Ahhhh Sweet Relaxation

If you search self-care hashtags on Instagram, you’ll mostly see an array of yoga, baths, facial/massage, and inspirational quote images. It’s really quite impressive! The nice thing about this type of self-care is that the relief you feel from them is basically immediate.

You take a soothing bath after a long day, most of the time you feel relaxed when you get out. If you go get a massage, when your hour is up, you are likely walking out of the spa in a state of bliss. You know what feeling I’m talking about – it’s like everything in your life has taken a minute to let you breathe. It’s lovely!

But here’s the thing… those efforts don’t offer long-lasting results.

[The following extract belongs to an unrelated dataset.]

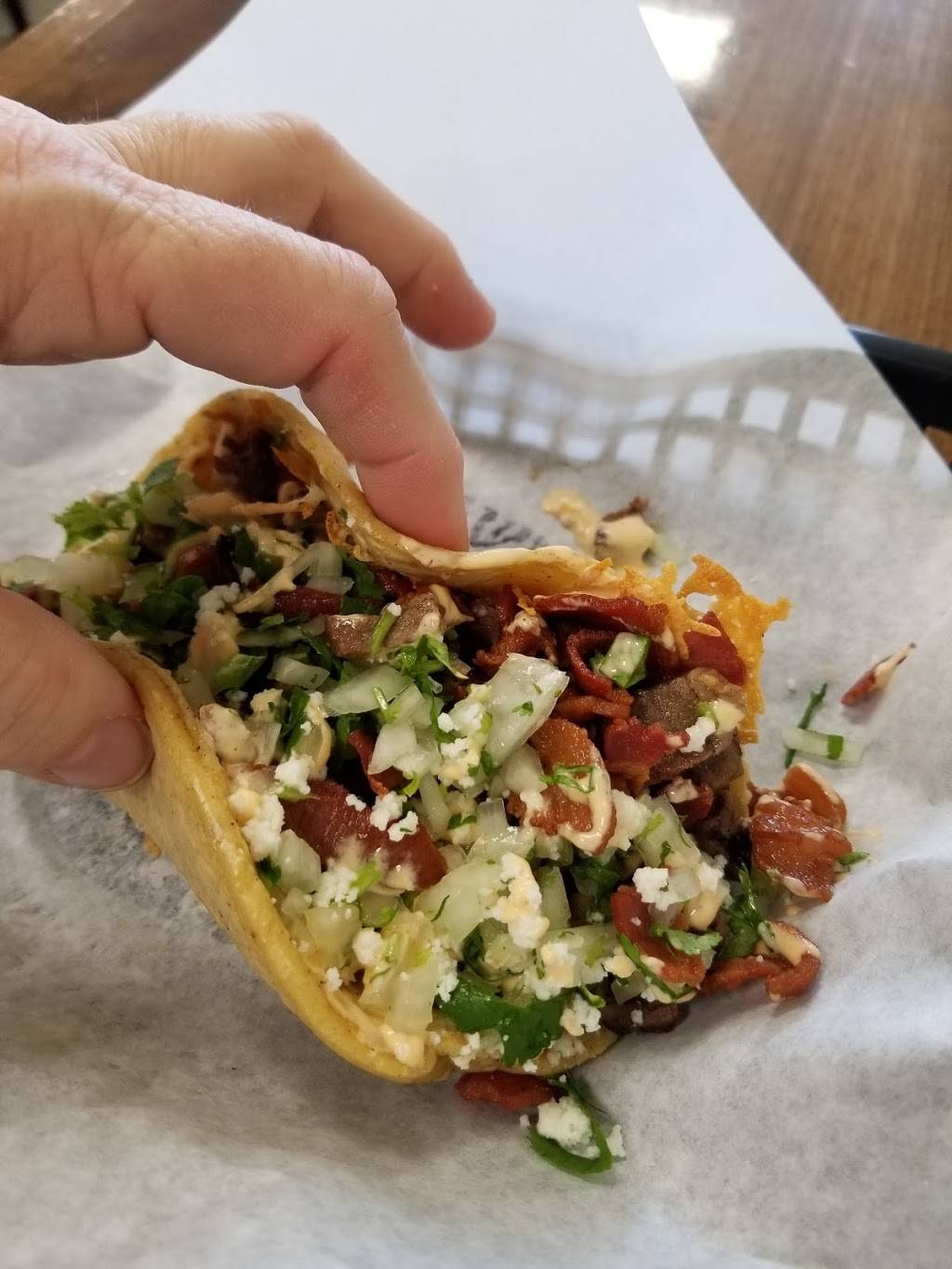 Valeries Taco Stand | restaurant | 2213 El Camino Real suite d, Oceanside, CA 92054, USA | 7602315458 OR +1 760-231-5458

So that got me thinking… If these activities don’t offer long-lasting sustained self-care relief aka sustained, emotional/stress relief, then what does?

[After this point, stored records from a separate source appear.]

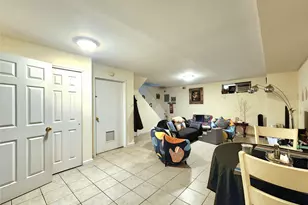 93-05 91st Ave, Woodhaven, NY 11421 - Photo 44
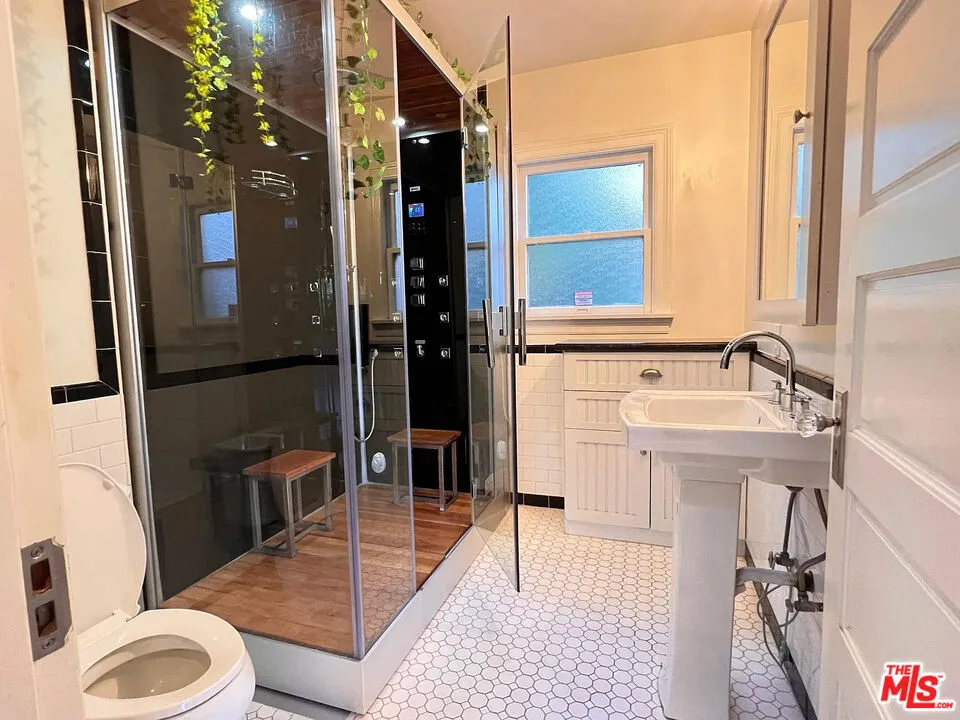 6776 Milner Road Los Angeles, CA 90068
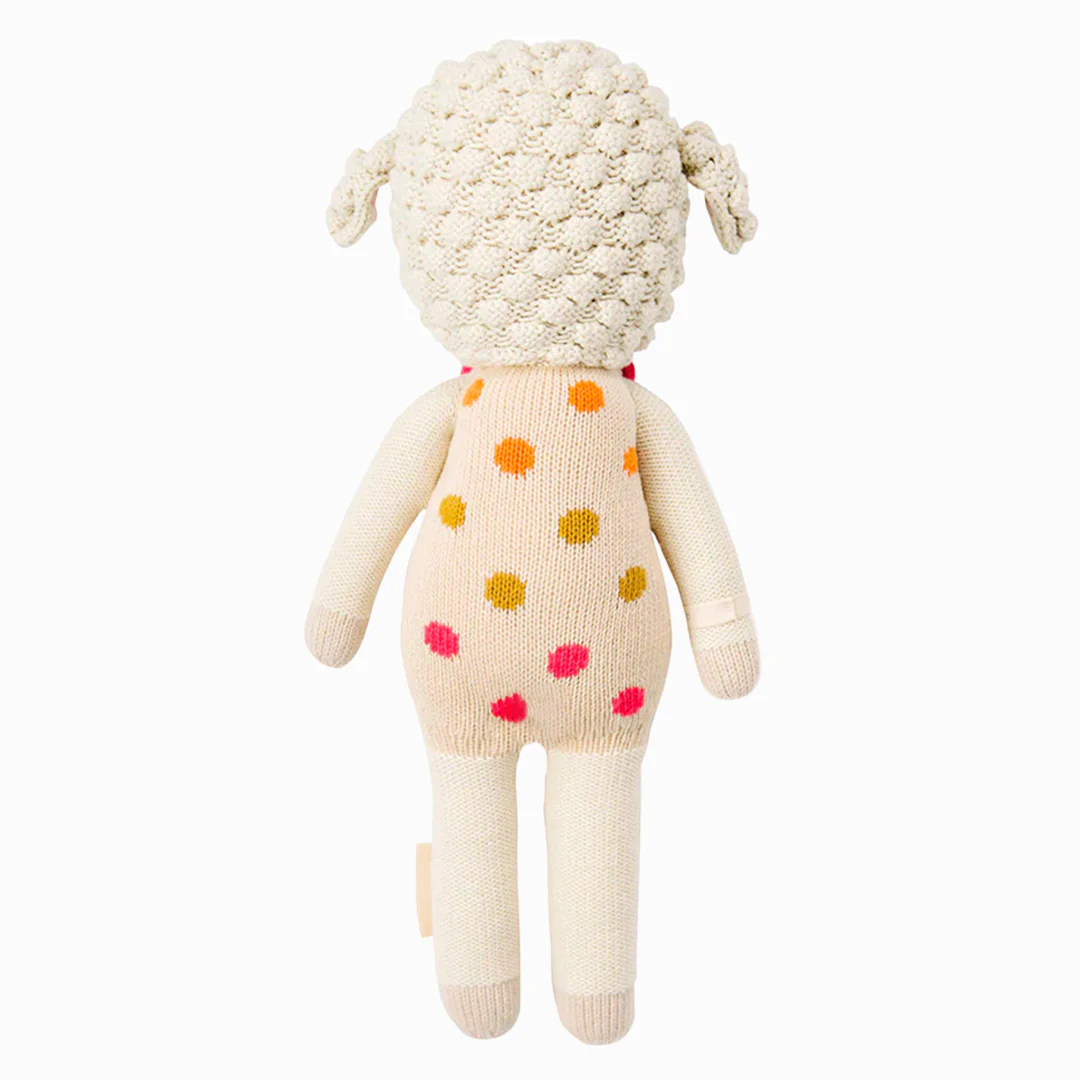 Lucy the lamb - Image 8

Plot Twist: Long term self-care doesn’t always feel good initially

This may be an unpopular belief BUT I am going to go for it anyway. If the goal of self-care is to provide stress relief, I would like to make the argument that actions like, setting boundaries (and maintaining them), saying no, and having difficult conversations are definitely forms of self-care.

Let’s unpack this from the root of what is causing stress in the first place. I’ll share an example I had to navigate just last week. I had to navigate a conversation with a respected colleague about what constructive feedback looks like. Let me be clear, I didn’t simply have to educate this person on what constructive feedback is but also make it very clear that if conversations didn’t change immediately that the behavior would not be tolerated any longer. I had to give examples. I had to rehash specifics.

Was it uncomfortable? I worried about this conversation for 2 weeks. Did I visibly flush from nerves during the conversation? I looked like a ripe tomato by the end of the conversation. Did I sleep better than I have in weeks that night? YESSSSS, friend, that sleep was glorious.

“But I thought self-care was supposed to feel good…”

There’s no question about whether self-care should relieve stress or not. But I think the detail up for question is when does it feel good? When you take a relaxing bath or get a massage there is immediate relief. But that relief is temporary because the root of your stress hasn’t been addressed. When you have a difficult conversation that established your boundaries, the act itself if often exceedingly uncomfortable, BUT the impact is long terms relief. And that is what makes establishing your boundaries hit differently than taking a bath with some lavender Epsom salts. Both are valid AND they serve different purposes.

So when you think about how you are going to support yourself with self-care, I encourage you to consider what your goal is. A bath is great to take the edge off, but is a challenging conversation really what the doctor ordered? Are you feeling stressed because someone isn’t honoring your boundaries? Think about what is needed for sustainable stress relief and do that!